PROBLEM STATEMENT: Give the entries again exactly; drop the pictures.

↓

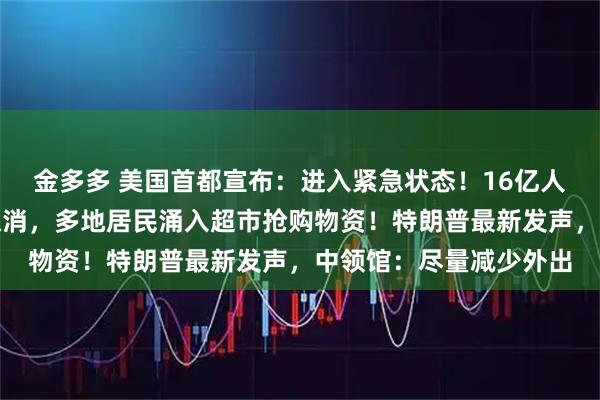 金多多 美国首都宣布：进入紧急状态！16亿人接到警报，航班大量取消，多地居民涌入超市抢购物资！特朗普最新发声，中领馆：尽量减少外出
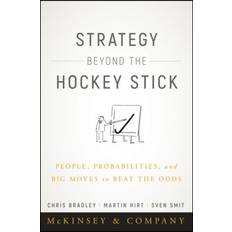 Hockey stick Strategy Beyond the Hockey Stick: People, Probabilities, and Big Moves to Beat the Odds (Indbundet, 2018)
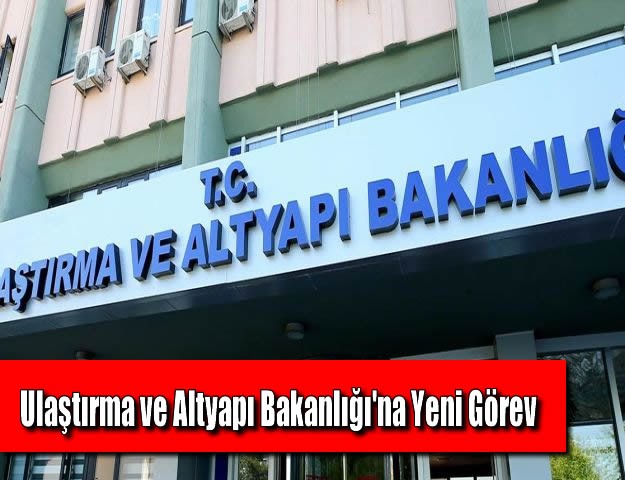 Ulaştırma ve Altyapı Bakanlığı'na Yeni Görev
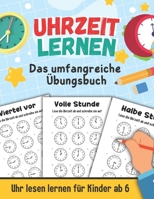 Uhrzeit lernen - Das umfangreiche Übungsbuch: Uhr lesen lernen für Kinder ab 6 B0BNH29JCZ Book Cover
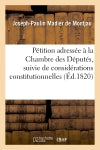 Pétition adressée à la Chambre des Députés, suivie de considérations constitutionnelles Social Sciences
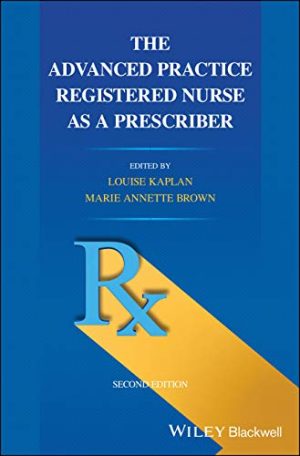 The Advanced Practice Registered Nurse as a Prescriber,2nd Edition (Original PDF from Publisher)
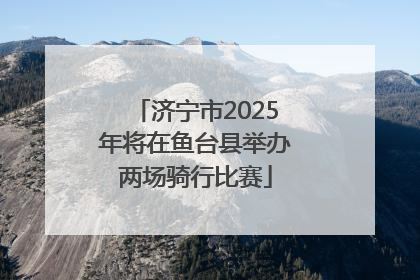济宁市2025年将在鱼台县举办两场骑行比赛
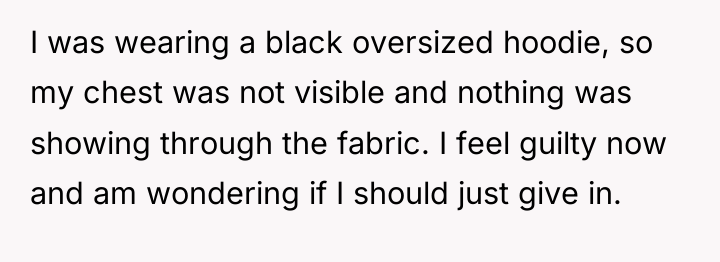 I was wearing a black oversized hoodie, so my chest...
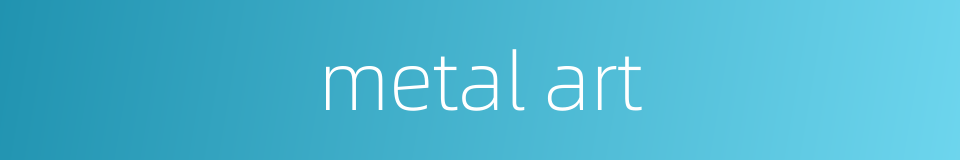 metal art的同义词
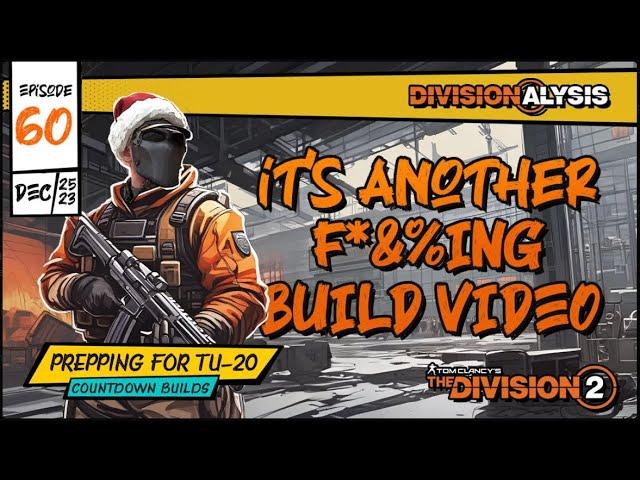 Division 2 | Countdown Builds | Divisionalysis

↑

OUTPUT OF THE EXERCISE:
 金多多 美国首都宣布：进入紧急状态！16亿人接到警报，航班大量取消，多地居民涌入超市抢购物资！特朗普最新发声，中领馆：尽量减少外出
 Hockey stick Strategy Beyond the Hockey Stick: People, Probabilities, and Big Moves to Beat the Odds (Indbundet, 2018)
 Ulaştırma ve Altyapı Bakanlığı'na Yeni Görev
 Uhrzeit lernen - Das umfangreiche Übungsbuch: Uhr lesen lernen für Kinder ab 6 B0BNH29JCZ Book Cover
 Pétition adressée à la Chambre des Députés, suivie de considérations constitutionnelles Social Sciences
 The Advanced Practice Registered Nurse as a Prescriber,2nd Edition (Original PDF from Publisher)
济宁市2025年将在鱼台县举办两场骑行比赛
 I was wearing a black oversized hoodie, so my chest...
 metal art的同义词
 Division 2 | Countdown Builds | Divisionalysis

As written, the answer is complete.